И Джо их тоже ценил. Оказывается, в его характере была эта черта, которой он даже не осознавал. В редкие минуты праздности он размышлял о себе и делал удивительные открытия.

Однако сейчас ему было не до раздумий. Его главной заботой стала Лиззи, или, как она теперь себя называла, Элизабет. Он ни о чем ее не расспрашивал, как не расспрашивал маленькую девчушку, которую некогда знал. Но Джо чувствовал, что с ней случилось нечто ужасное. И она замкнулась в себе, подобно девочке, когда-то раскачивавшейся в кресле-качалке. Элизабет улыбалась и разговаривала, не обращая внимания на куски штукатурки, которые отваливались то от стен, то от потолка. Джо понимал, что это свидетельствует о ее выдержке. С каждым днем Элизабет все глубже погружалась в себя, замыкалась в крепости бесчувствия, и к ней было не подобраться.

Джо долго думал, как помочь Элизабет. Он решил, что должен использовать величайший шанс в своей жизни, несмотря на риск утратить доверие и привязанность, которые она питала к нему со дней раннего детства. Джо хотелось заботиться о ней, но его любовь могла оттолкнуть Элизабет. Ей надо было выйти из своей крепости, чтобы вновь обрести себя. Однажды после обеда Джо, задвинув стул, заговорил, пытаясь ни мимикой, ни голосом не выдать своего волнения:

– Тебе придется теперь самой управлять фосфатной компанией, Элизабет. Больше некому. Стюарт унаследовал Барони и собирается переехать туда, чтобы вести хозяйство. Пинкни оставил тебе этот дом и Карлингтон. Если ты заботишься о пропитании своих детей, ты должна зарабатывать деньги.

– Но ведь ты совладелец, Джо. Я полагала, что вести дела будешь ты.

– Глупости. У меня есть занятия поважней. Я задержусь, чтобы ввести тебя в курс дела, а потом вернусь в Нью-Йорк.

– Но я не смогу.

– Не сомневайся, сможешь. Я помню, как ты присматривала за домом, когда еще ходила в коротких платьицах. Заниматься бизнесом гораздо проще. И интересней. Ты была деловитой маленькой мисс. А теперь ты снова возглавишь дело. Тебе это подходит.

– Но, Джо, леди не занимаются бизнесом. Общество будет скандализовано.

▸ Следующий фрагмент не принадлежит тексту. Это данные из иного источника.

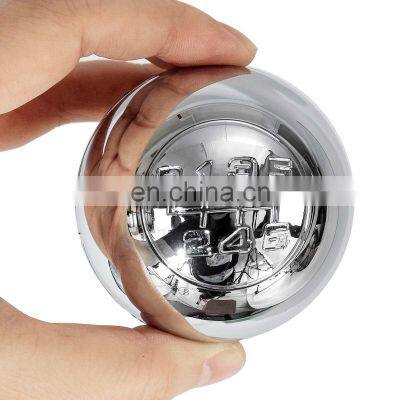 6 Speed Manual Gear Shift Knob Shifter Lever Handball Chrome Matte Silver For Alfa Romeo Giulietta 2010-on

– Не говори чепухи. После войны наидостойнейшие дамы занялись бизнесом. Госпожа Олстон и госпожа Пинкни открыли школы. Думаешь, они для удовольствия возились с такими, как ты? В наши дни леди чинят одежду, открывают пансионы, обучают игре на фортепиано и танцам… И все для того, чтобы не остаться без крова. Ты из семейства Трэддов, детка. Ты можешь сделать все что угодно, хоть убить кого-нибудь, и никто слова не скажет.

Джо недоумевал, почему Элизабет так вздрогнула при его словах.

– Хорошо, я подумаю, – сказала она. Джо улыбнулся – дело шло на лад.

– Ты всегда так говорила, когда была маленькой, – сказал он. – У тебя и вид сосредоточенный. Брови сдвигаются к переносице. И я опять чувствую себя молодым.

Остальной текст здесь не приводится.